Al comienzo de los años noventa el repentino e inesperado desmantelamiento del bloque oriental -a partir del derrumbe del régimen soviético había alimentado una difundida convicción de que la comunidad internacional se encontraría en vísperas de una nueva era de estabilidad y de paz. La imposibilidad de conciliar y la inevitable contraposición entre los sistemas ideológicos comunista y capitalista habían determinado hasta entonces un tipo de relaciones entre las dos superpotencias líderes que, implicando de lleno los destinos de las naciones que directa o indirectamente estaban bajo sus áreas de influencia, dejaba espacio, como mucho, a procesos de distensión parcial, directamente dependientes del cambio de su potencial político-militar. Si la primera regla de la guerra fría fue el continuo aplazarse de la confrontación final, el precio sin embargo fue la proliferación de los así llamados conflictos menores, ocasión para cada una de las partes de mejorar su propia posición estratégica.

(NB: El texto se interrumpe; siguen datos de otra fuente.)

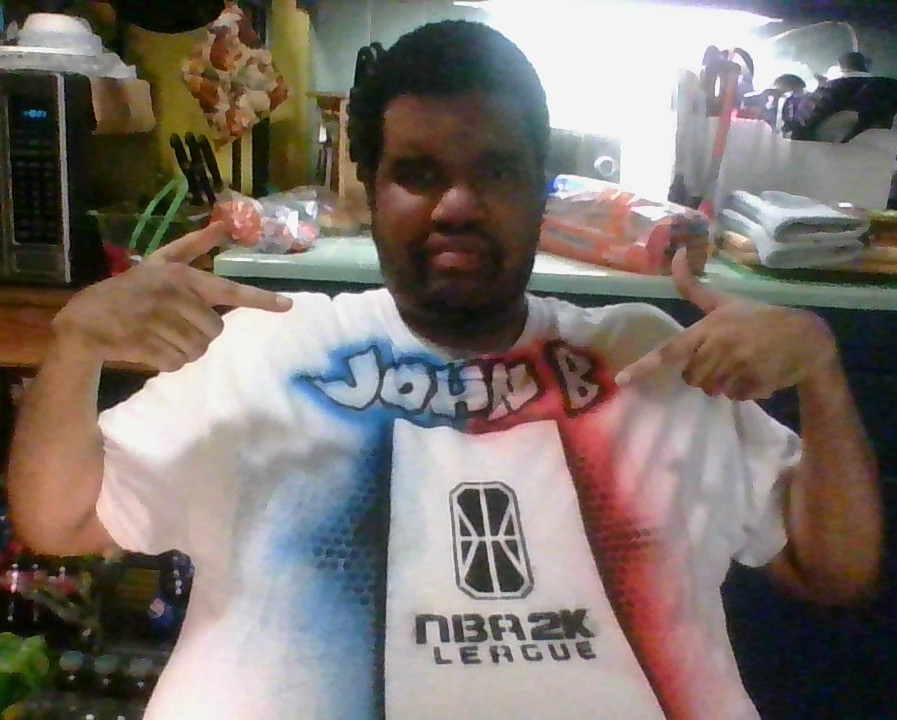 johnbmarine's tweet photo. Though this custom NBA2K League XL-size shirt is short for me, I decided to model it and show my thanks to the NBA2K League for their love and support. Thank you! #LetsGo2KL https://t.co/Nyt5iE0zR3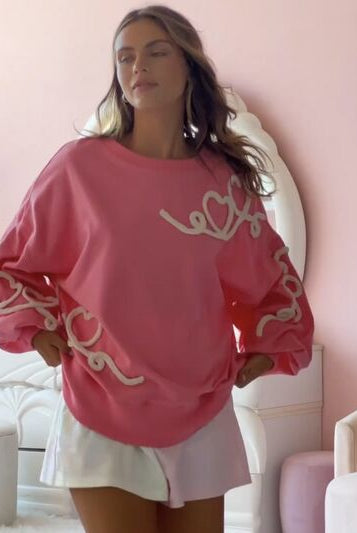 A model in a relaxed pose wearing a white round neck sweatshirt with pink 'XOXO' graphic text, paired with pink denim shorts, against a pink and white patterned background.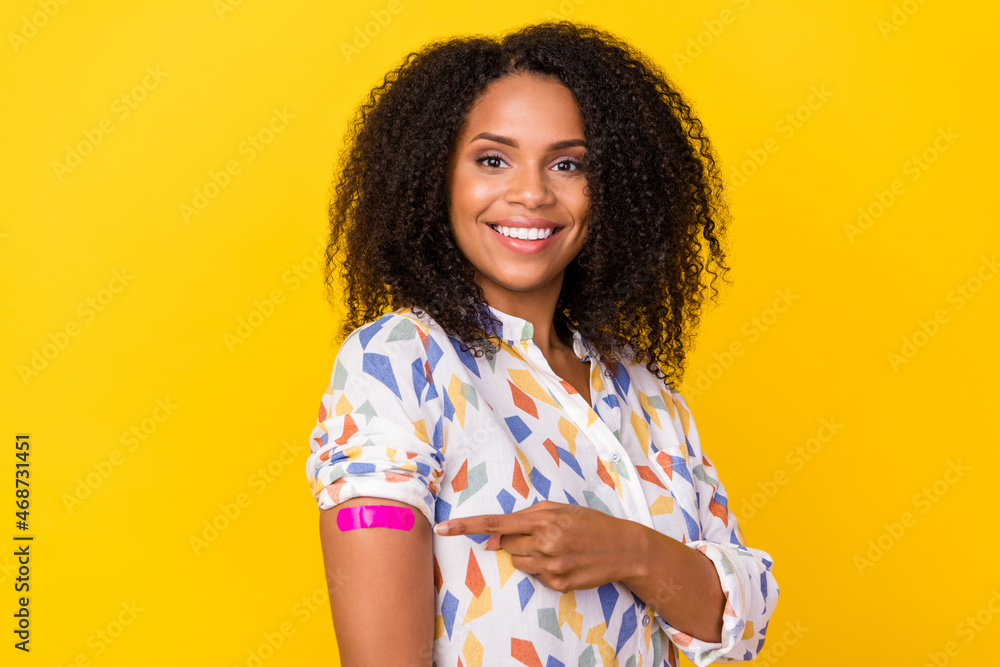 Photo of optimistic young wavy hairdo lady index arm wear white blouse isolated on yellow background Photo of optimistic young wavy hairdo lady index arm wear white blouse isolated on yellow background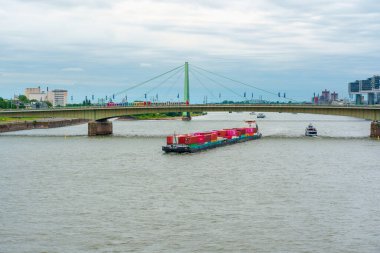 Köln, Almanya - 15 Haziran 2025: Kargo gemisi Köln, Almanya 'daki Hohenzollern Köprüsü' nün altındaki huzurlu Ren Nehri üzerinde renkli konteynırlar taşıyor.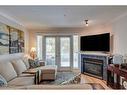 102-630 10 Street Nw, Calgary, AB  - Indoor Photo Showing Living Room With Fireplace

La inexistente solución a los problemas específicos locales en la raíz de aquellos conflictos, se convertía en condición para perpetuar en vez de resolver una situación de inestabilidad en la que las potencias hegemónicas podían introducirse con el peso del propio apoyo «decisivo» continuando así su propia confrontación. En la práctica, el desenlace de cualquier verdadero nudo político (nivel de desarrollo económico, equidad en las relaciones sociales, adquisición y mantenimiento de las libertades fundamentales) se suspendía y de todos modos no se resolvía definitivamente, dado que la misma validez del «modelo» de referencia era objeto de una confrontación mayor. La tan proclamada prioridad de los problemas de seguridad ha encubierto a la larga una política de pura remisión. La evidente inadecuación de las soluciones adoptadas en respuesta a los problemas concretos abiertos entre las diversas realidades sociales y políticas locales estaba justificada por las potencias líderes por la amenazante presencia del adversario en el campo contrario, por lo que para defenderse del mismo se drenaba buena parte de los recursos y de las energías disponibles.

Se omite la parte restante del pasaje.